- Articles that you have written and would like to make available to people in other regions to share
- Your experience of organising or attending research events or project visits or research speakers to your branch/group
- Your experience as a branch/group Research Champion and any advice you have on what has worked for you and what hasn’t
- Updates of any regional research meetings
- General sharing of thoughts and experience on RSN activity
Thanks and welcome to the forum. I have been a member of the RSN at least as long as I have been a member of Parkinson's UK. I am constantly discovering things that RSN members and others are doing to make Parkinson's research faster and more effective. Much of this goes on without fanfare which means we miss out on spreading the learning to other branches, regions or projects. I hope we can use the forum to share experiences
I think that supporting research is possibly the most important thing that people affected by Parkinson's can do. We all want the cure to come quickly. The person who discovers the cure(s) will be a researcher so it makes sense that we do all we can to speed them on their way. There are many opportunities to help make the research task easier and quicker ranging from participating in studies and trials, speaking to groups, writing newsletters to spread knowledge and understanding about research, advising researchers, reviewing grant applications and more.
It's time to start shouting a bit more about the things we are doing or the things we wish we were doing.
The meeting in Birmingham that you and your team, Claire, organised on Friday and Saturday last week went very well. There were so many ideas about how the RSN could develop and how members can get together to do things in the regions in addition to responding to opportunities disseminated from National Office.
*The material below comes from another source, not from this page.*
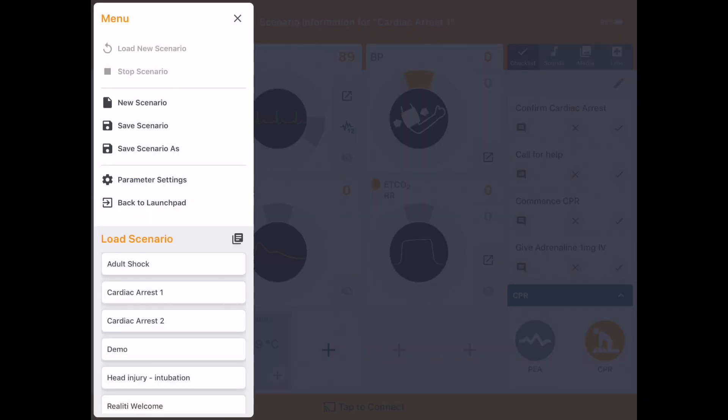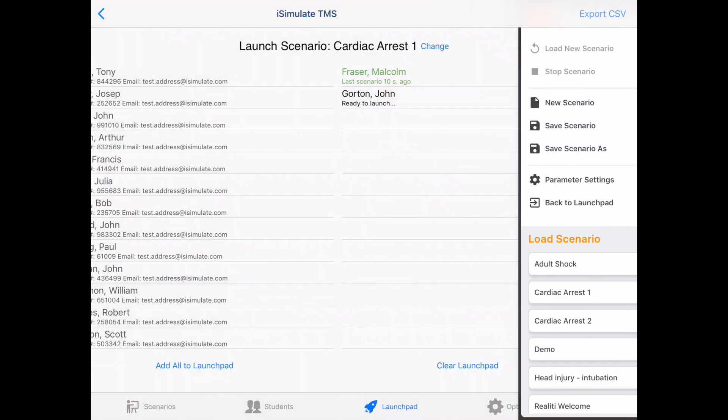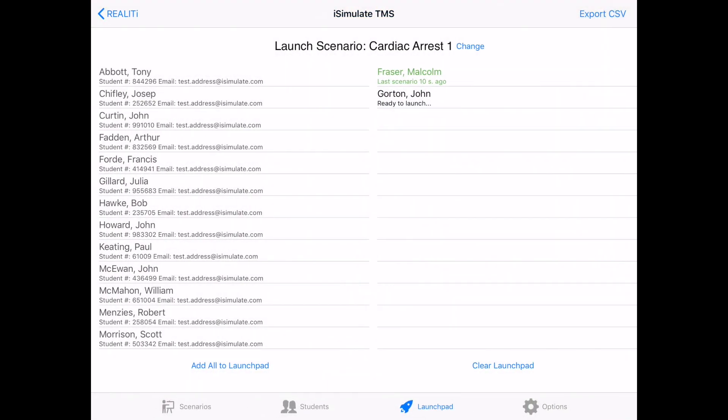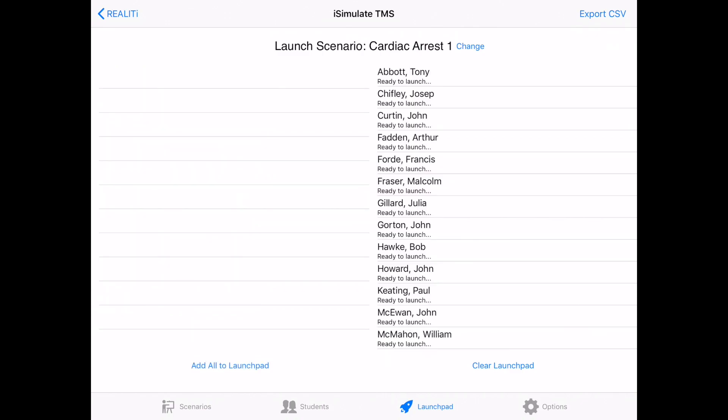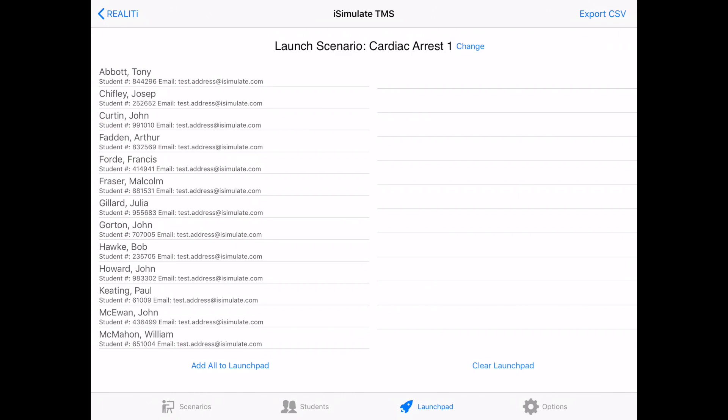At the end of the scenario, we can go back to launch pad and carry on with the next student. We can clear the launch pad quite easily by pressing clear launch pad. And we can add all the students to the launch pad as well. So this is really useful when you're running a course with multiple students doing multiple scenarios.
I hope we can talk about what we are doing throughout the country in this Forum and so maybe encourage people to do similar things - or radically different ones - in support of the research effort.
My involvement is with the East Midlands RSN group so I'd like draw your attention to our latest newsletter which I hope you will find interesting: https://www.parkinsons.org.uk/sites/default/files/emrsn_newsletterapril2014.pdf . Anyone is welcome to use any of the articles in their own newsletters if they want. I hope more regional RSNs could have pages on the Parkinson's site so we could be inspired by what everyone is doing. Ours is at http://www.parkinsons.org.uk/content/east-midlands-research-support-network .
Hello and thank you to both of you for helping start what I hope will be some really fruitful discussions.
I completely agree that's it's time to start shouting about what we do. It is clear to me from our meeting that we have an incredibly engaged and willing group of people with some excellent thoughts and ideas on how we can take the Research Support Network to the next level.
We'll be working with some of our volunteers to ensure we've captured these thoughts and also building a plan of putting them into action. I hope that people feel they are able to follow up on any action/next steps from their own perspective but also that the Parkinson's UK Research Support Network team (staff and volunteers) are here to offer support if needed.
It's a very exciting time for the Research Support Network and I look forward to working with you all.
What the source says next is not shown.